- Exercise requirements: Below are some records. Reproduce them exactly from their first line through the line with "Formalin-fixed, paraffin-embedded human", inclusive.

*** Begin section ***

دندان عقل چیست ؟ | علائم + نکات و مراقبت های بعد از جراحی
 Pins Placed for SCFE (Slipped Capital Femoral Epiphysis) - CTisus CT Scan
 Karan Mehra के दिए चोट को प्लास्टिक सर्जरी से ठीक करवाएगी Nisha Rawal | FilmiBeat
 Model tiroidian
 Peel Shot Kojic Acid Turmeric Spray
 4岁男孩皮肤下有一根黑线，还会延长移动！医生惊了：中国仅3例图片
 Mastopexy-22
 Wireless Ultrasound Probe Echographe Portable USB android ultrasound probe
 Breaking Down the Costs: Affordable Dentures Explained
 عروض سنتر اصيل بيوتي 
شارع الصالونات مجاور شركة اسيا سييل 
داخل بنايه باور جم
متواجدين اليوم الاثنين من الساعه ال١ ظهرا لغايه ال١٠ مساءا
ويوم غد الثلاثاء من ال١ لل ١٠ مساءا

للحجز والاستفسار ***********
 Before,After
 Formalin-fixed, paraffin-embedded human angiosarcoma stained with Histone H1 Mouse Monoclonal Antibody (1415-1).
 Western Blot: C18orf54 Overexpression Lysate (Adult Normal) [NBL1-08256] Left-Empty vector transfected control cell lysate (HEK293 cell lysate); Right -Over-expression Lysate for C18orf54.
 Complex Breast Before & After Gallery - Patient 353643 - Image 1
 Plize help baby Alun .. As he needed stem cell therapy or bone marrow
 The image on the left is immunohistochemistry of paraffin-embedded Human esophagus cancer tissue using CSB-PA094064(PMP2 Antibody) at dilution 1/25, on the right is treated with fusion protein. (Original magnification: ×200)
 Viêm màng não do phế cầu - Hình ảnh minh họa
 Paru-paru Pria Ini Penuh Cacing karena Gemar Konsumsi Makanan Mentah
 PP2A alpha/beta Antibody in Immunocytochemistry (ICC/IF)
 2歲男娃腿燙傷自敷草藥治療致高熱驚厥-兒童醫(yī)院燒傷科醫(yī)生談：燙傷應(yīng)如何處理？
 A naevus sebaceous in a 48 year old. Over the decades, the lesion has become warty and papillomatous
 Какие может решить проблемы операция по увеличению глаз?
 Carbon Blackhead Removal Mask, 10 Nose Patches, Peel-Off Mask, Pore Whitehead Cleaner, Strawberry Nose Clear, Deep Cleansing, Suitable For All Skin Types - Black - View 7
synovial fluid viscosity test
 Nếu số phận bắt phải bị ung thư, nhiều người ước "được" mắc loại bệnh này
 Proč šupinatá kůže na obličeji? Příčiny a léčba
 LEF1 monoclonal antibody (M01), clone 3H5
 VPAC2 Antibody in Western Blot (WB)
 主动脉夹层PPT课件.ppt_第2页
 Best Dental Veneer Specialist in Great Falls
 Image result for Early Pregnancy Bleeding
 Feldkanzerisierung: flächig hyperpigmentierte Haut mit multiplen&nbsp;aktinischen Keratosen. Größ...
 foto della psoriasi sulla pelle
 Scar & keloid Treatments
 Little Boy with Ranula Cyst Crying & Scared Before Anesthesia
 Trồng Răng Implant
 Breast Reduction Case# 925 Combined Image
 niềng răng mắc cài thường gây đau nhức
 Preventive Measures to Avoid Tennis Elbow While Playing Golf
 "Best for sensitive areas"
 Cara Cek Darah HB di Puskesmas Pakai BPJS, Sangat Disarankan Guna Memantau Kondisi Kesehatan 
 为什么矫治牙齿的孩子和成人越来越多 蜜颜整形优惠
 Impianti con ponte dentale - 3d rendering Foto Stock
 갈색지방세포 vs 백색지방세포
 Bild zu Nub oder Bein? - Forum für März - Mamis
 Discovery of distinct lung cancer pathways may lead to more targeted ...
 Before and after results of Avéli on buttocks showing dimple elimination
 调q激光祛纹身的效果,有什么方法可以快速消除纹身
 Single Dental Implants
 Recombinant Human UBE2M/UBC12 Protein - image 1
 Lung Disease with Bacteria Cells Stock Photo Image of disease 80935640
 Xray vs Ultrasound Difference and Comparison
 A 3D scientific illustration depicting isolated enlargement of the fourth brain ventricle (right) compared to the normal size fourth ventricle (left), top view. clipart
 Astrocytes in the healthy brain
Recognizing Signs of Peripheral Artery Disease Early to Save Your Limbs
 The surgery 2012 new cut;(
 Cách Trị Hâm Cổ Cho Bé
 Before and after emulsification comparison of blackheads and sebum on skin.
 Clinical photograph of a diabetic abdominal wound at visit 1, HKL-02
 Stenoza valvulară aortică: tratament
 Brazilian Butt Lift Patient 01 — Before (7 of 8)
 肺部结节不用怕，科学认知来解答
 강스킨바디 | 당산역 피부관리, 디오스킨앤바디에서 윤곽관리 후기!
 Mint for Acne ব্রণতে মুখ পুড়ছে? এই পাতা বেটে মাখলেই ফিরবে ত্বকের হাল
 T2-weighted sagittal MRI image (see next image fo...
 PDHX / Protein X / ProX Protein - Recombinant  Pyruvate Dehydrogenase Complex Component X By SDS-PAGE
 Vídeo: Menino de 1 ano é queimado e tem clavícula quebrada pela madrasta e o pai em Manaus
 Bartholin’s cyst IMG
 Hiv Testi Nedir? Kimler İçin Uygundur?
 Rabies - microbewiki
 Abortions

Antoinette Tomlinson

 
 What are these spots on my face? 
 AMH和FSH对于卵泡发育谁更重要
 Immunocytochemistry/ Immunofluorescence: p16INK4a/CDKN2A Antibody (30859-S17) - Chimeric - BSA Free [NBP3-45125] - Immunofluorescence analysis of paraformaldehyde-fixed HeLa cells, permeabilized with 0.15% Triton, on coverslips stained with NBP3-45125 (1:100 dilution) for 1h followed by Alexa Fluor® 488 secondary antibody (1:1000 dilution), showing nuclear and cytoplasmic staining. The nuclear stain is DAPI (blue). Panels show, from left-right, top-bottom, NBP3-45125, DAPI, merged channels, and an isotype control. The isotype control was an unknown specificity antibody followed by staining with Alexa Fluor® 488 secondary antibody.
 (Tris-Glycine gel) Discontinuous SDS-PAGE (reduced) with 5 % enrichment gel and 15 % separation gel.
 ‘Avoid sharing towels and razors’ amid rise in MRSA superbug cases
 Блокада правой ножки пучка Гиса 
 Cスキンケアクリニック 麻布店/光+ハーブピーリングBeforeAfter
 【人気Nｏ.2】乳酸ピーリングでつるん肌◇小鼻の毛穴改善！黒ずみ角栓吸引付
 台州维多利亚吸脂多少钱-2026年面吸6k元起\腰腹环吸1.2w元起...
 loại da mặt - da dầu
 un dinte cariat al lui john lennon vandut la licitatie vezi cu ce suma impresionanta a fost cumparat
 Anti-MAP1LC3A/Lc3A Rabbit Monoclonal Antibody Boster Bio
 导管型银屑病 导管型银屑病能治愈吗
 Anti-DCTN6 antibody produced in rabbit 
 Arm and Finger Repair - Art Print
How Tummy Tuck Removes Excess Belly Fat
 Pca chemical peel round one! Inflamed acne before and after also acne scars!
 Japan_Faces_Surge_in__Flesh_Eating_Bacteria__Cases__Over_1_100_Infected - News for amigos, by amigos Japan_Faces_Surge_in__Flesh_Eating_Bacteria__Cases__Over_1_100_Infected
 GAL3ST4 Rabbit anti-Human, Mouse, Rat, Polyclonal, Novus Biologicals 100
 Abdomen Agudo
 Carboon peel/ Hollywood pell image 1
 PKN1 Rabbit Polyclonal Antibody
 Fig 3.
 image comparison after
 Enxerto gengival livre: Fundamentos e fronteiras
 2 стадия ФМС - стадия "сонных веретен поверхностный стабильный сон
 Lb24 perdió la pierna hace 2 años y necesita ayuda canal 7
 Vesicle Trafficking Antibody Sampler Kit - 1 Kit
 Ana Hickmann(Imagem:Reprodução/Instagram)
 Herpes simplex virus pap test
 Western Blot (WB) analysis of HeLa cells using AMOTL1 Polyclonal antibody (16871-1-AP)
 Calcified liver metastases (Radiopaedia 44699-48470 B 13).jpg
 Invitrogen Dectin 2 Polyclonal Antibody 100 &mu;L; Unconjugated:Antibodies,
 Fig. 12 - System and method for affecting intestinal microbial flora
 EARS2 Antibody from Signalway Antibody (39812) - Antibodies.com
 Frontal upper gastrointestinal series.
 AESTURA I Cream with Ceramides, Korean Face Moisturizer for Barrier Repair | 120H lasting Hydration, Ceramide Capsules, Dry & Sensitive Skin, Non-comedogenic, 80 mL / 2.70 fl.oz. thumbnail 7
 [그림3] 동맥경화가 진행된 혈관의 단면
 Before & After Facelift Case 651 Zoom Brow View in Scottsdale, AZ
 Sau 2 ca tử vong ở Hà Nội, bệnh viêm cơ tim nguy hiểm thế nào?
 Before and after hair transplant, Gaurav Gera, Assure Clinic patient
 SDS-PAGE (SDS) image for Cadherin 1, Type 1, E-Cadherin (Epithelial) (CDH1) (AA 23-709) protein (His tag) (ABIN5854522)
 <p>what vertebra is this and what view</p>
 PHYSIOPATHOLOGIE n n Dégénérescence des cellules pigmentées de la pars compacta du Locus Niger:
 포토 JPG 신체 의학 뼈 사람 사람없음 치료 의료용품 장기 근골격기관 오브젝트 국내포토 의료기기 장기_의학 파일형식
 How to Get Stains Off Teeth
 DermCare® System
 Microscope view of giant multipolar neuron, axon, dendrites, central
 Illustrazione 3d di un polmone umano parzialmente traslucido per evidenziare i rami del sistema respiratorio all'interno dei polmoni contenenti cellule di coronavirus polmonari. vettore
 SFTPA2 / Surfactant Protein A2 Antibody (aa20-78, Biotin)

*** End section ***

- Exercise solution:
دندان عقل چیست ؟ | علائم + نکات و مراقبت های بعد از جراحی
 Pins Placed for SCFE (Slipped Capital Femoral Epiphysis) - CTisus CT Scan
 Karan Mehra के दिए चोट को प्लास्टिक सर्जरी से ठीक करवाएगी Nisha Rawal | FilmiBeat
 Model tiroidian
 Peel Shot Kojic Acid Turmeric Spray
 4岁男孩皮肤下有一根黑线，还会延长移动！医生惊了：中国仅3例图片
 Mastopexy-22
 Wireless Ultrasound Probe Echographe Portable USB android ultrasound probe
 Breaking Down the Costs: Affordable Dentures Explained
 عروض سنتر اصيل بيوتي 
شارع الصالونات مجاور شركة اسيا سييل 
داخل بنايه باور جم
متواجدين اليوم الاثنين من الساعه ال١ ظهرا لغايه ال١٠ مساءا
ويوم غد الثلاثاء من ال١ لل ١٠ مساءا

للحجز والاستفسار ***********
 Before,After
 Formalin-fixed, paraffin-embedded human angiosarcoma stained with Histone H1 Mouse Monoclonal Antibody (1415-1).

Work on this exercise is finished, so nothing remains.